**WHAT IS BEING ASKED**
The response should repeat word for word every line below from the one with "Structure Amb265492" to the one with "Winddichte Outdoor Hüte für Herren", inclusive, and nothing else; leave pictures out.

**DATASET CONTENT**
■ ■ ■

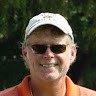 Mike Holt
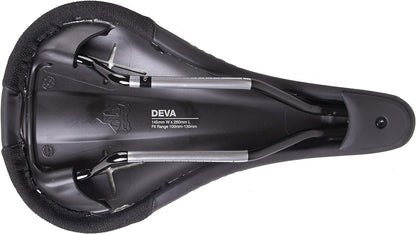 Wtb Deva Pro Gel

■ ■ ■

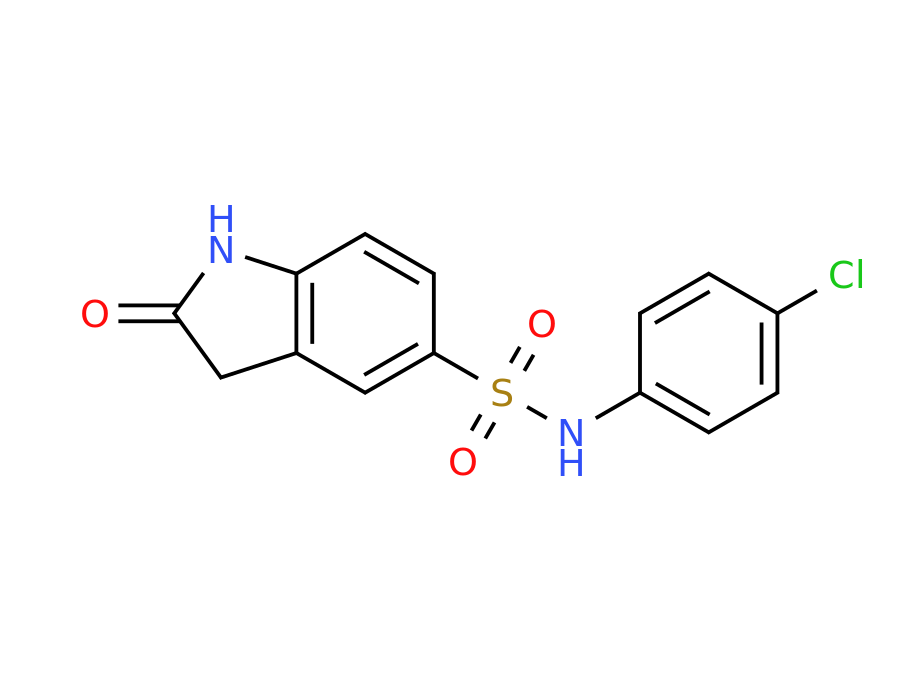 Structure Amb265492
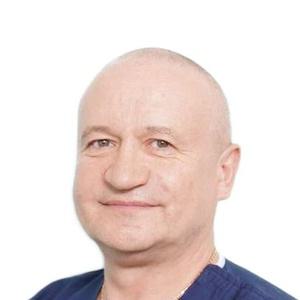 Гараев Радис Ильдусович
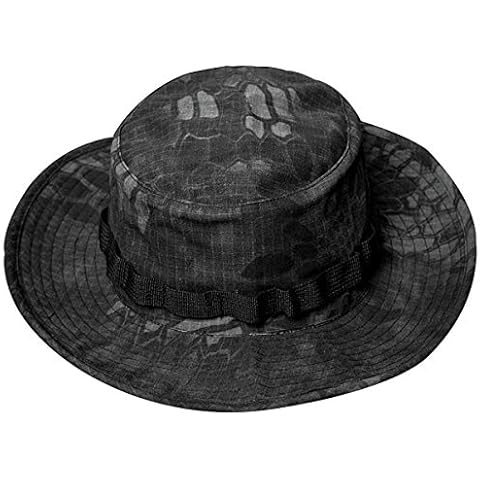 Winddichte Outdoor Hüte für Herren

■ ■ ■

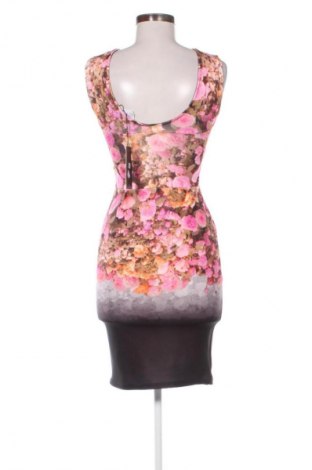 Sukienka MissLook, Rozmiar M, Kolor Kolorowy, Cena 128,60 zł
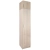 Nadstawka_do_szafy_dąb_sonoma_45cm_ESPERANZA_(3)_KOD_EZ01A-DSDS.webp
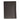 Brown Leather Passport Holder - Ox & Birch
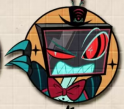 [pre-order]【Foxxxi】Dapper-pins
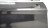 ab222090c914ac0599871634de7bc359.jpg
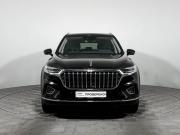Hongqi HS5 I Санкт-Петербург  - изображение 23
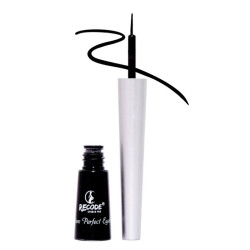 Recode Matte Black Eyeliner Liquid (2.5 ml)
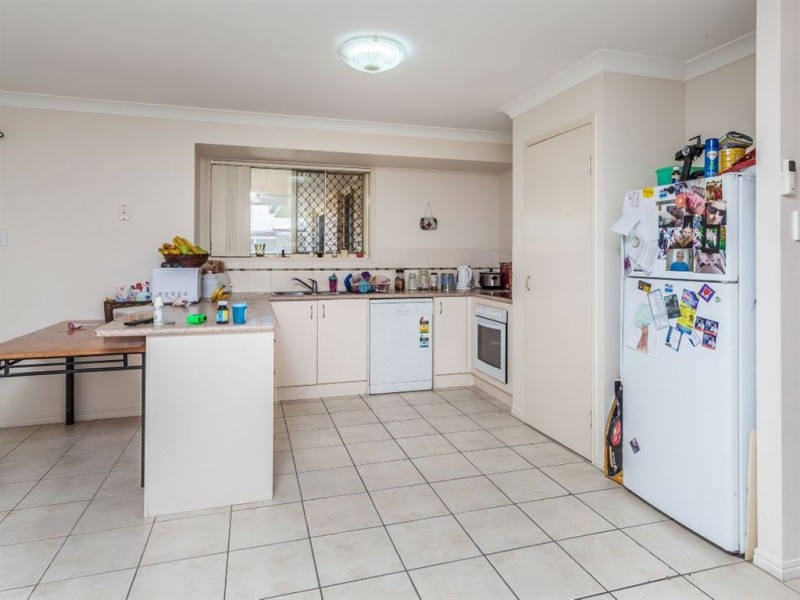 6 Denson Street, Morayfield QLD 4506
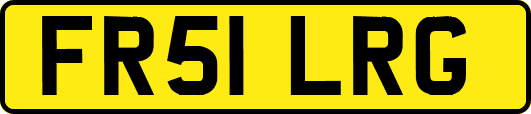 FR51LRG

■ ■ ■

**TASK ANSWER**
 Structure Amb265492
 Гараев Радис Ильдусович
 Winddichte Outdoor Hüte für Herren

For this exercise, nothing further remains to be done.